START Task material
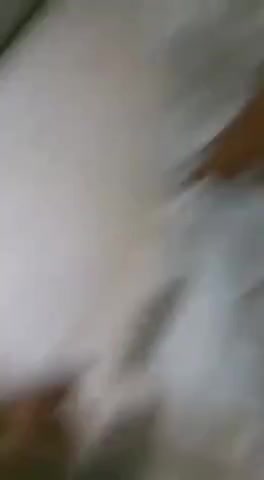 Watch Mamou e engoliu o leitinho Short Sex Videos - Duration: 01:07 | ePornNEW.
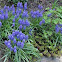 Grape Hyacinth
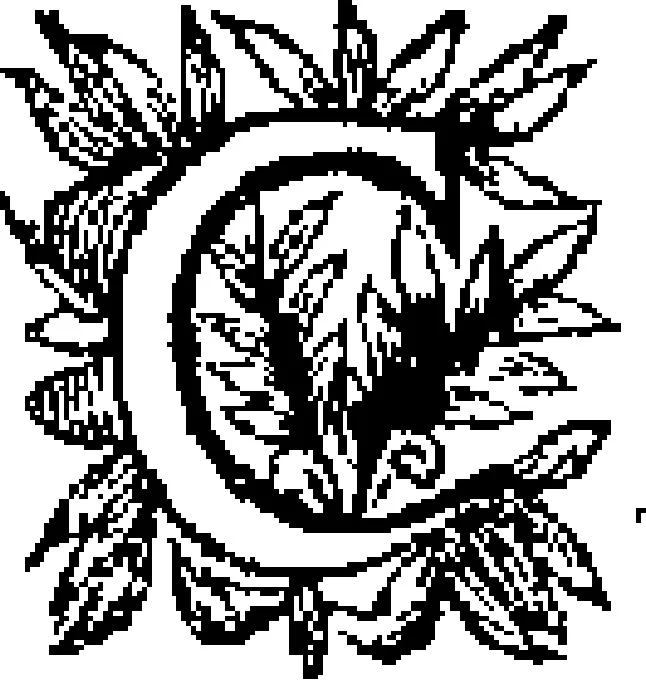An illustration from Curiositez inoüyes, 1629, leaf 636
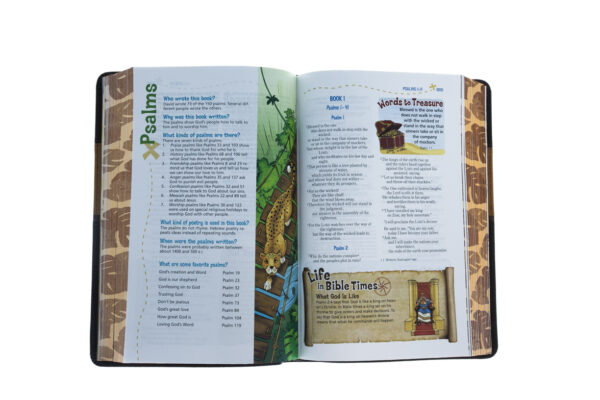 NIV Adventure Bible (Full Color)-Chocolate/Toffee Duo-Tone - Image 3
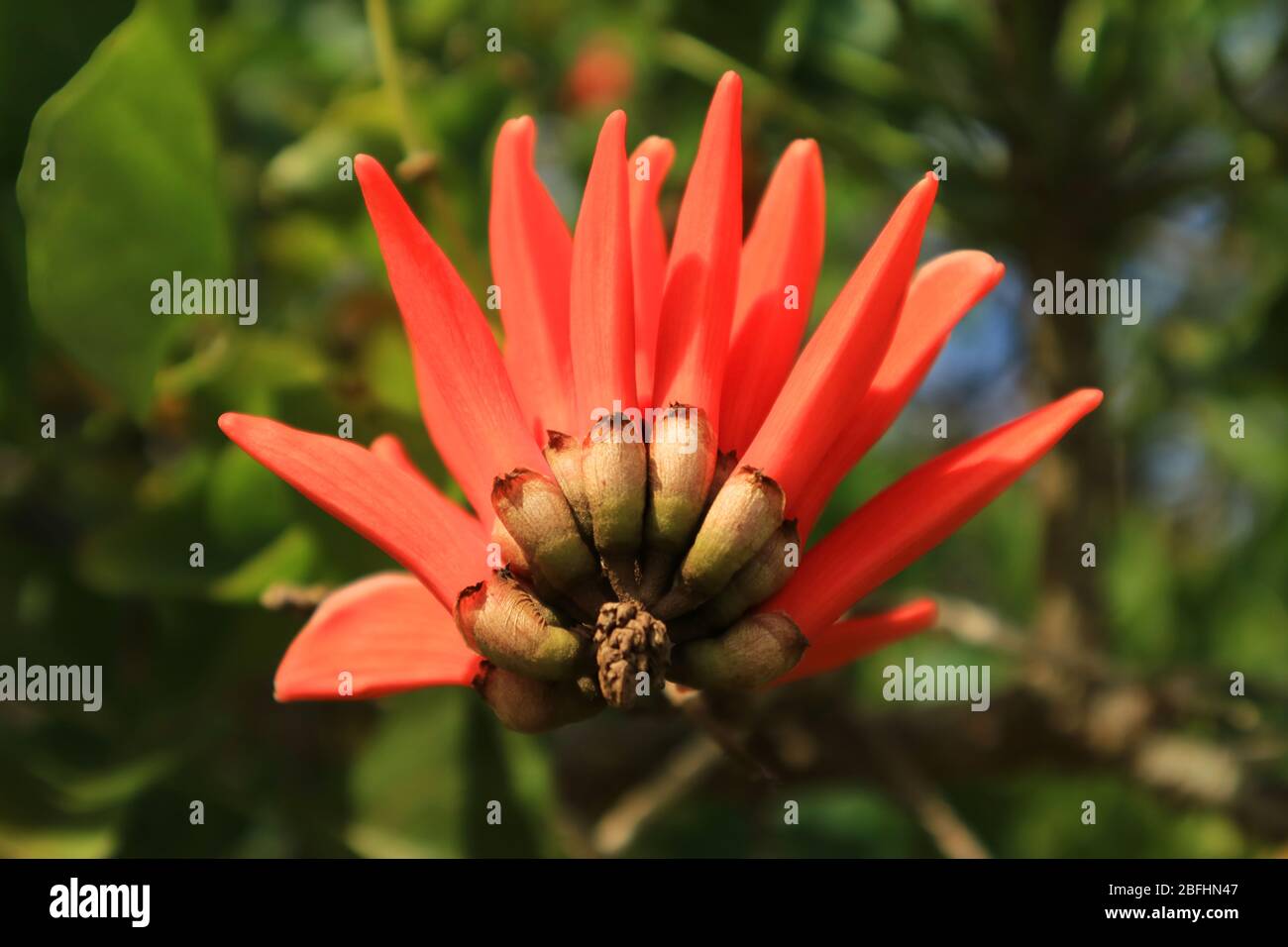 Fleur de corail de la côte de couleur rouge d'orange vif sur l'île de Pâques du Chili Banque D'Images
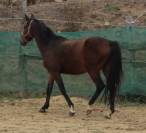 ponette,3 ans.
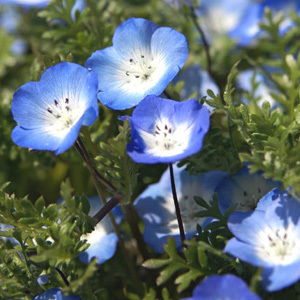 Nemophila Menziesii 'Baby Blue Eyes' Seeds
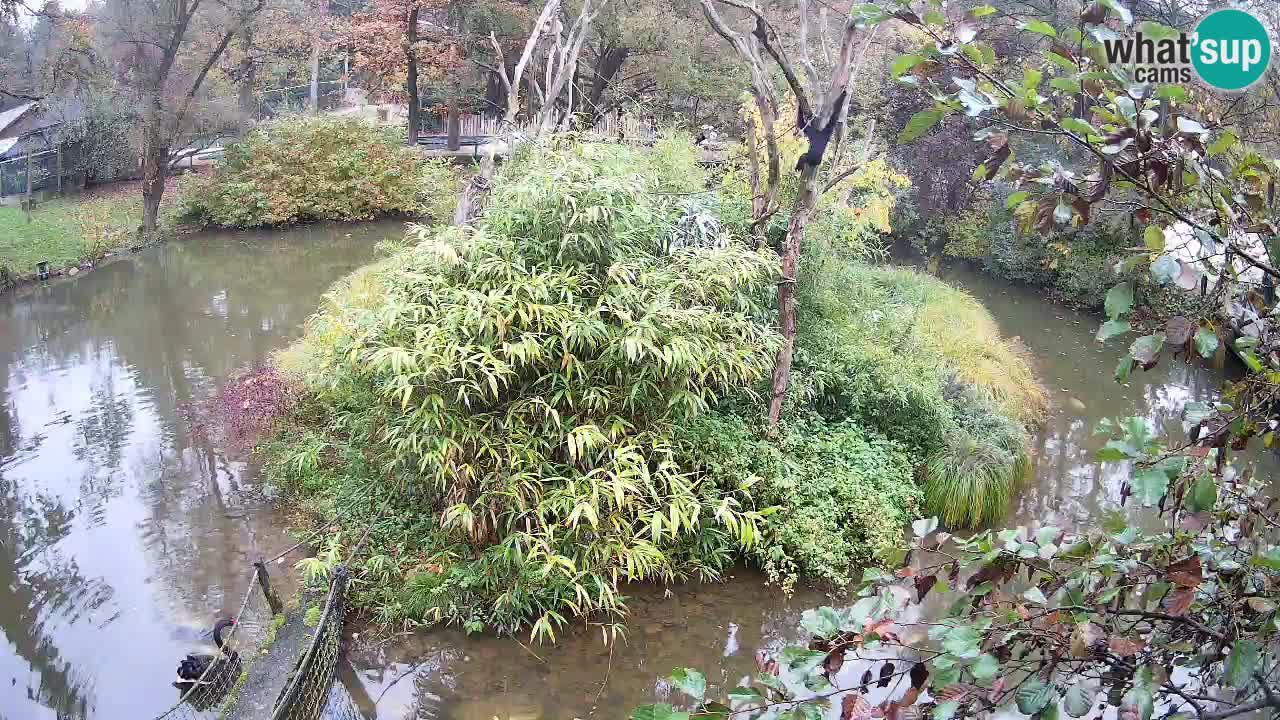 Yellow-cheeked gibbon Zoo Ljubljana livecam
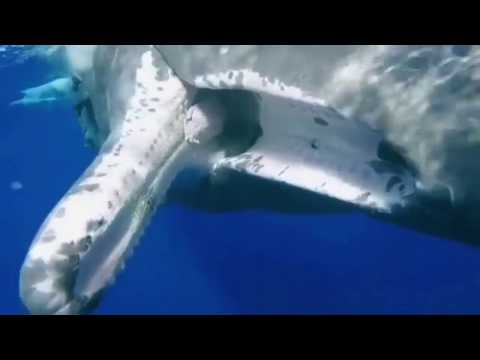 Sperm whale 'asks' a diver to be freed from a fishing hook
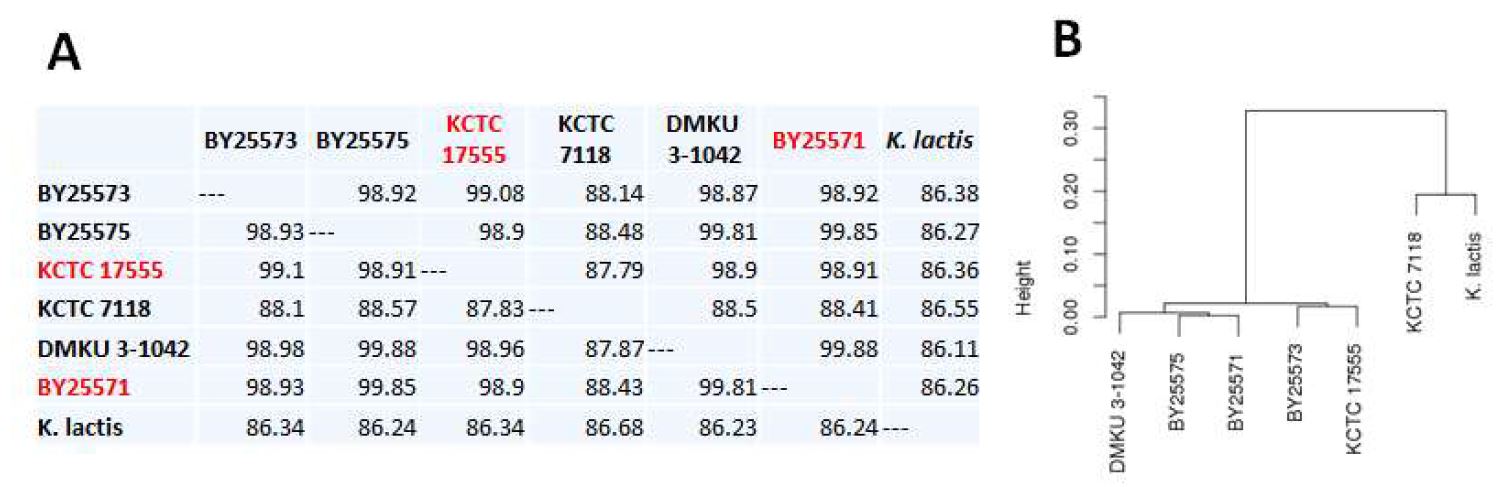 그림 3-39. De novo assembly 결과가 양호한 KM 관련 균주 4종을 1-3차년도 주력 해독 균주인 KCTC 17555 및 2종의 완성된 참조 서열(DMKU 3-1042 및 K. lactis ) 비교하였음.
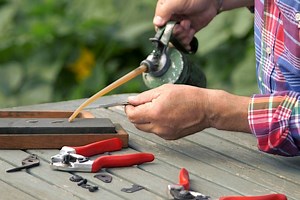 A guide to sharpening secateurs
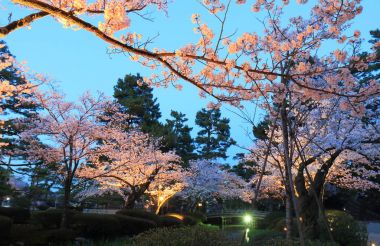 Kenrokuen Bahçe Kanazawa Japonya kiraz çiçeği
END Task material
- _Exercise description_
Could you set down, exactly as written, every line from the one with "Yellow-cheeked gibbon Zoo Ljubljana livecam" to the end of the data, both ends included? Leave out the pictures.

- _Response to the exercise_
 Yellow-cheeked gibbon Zoo Ljubljana livecam
 Sperm whale 'asks' a diver to be freed from a fishing hook
 그림 3-39. De novo assembly 결과가 양호한 KM 관련 균주 4종을 1-3차년도 주력 해독 균주인 KCTC 17555 및 2종의 완성된 참조 서열(DMKU 3-1042 및 K. lactis ) 비교하였음.
 A guide to sharpening secateurs
 Kenrokuen Bahçe Kanazawa Japonya kiraz çiçeği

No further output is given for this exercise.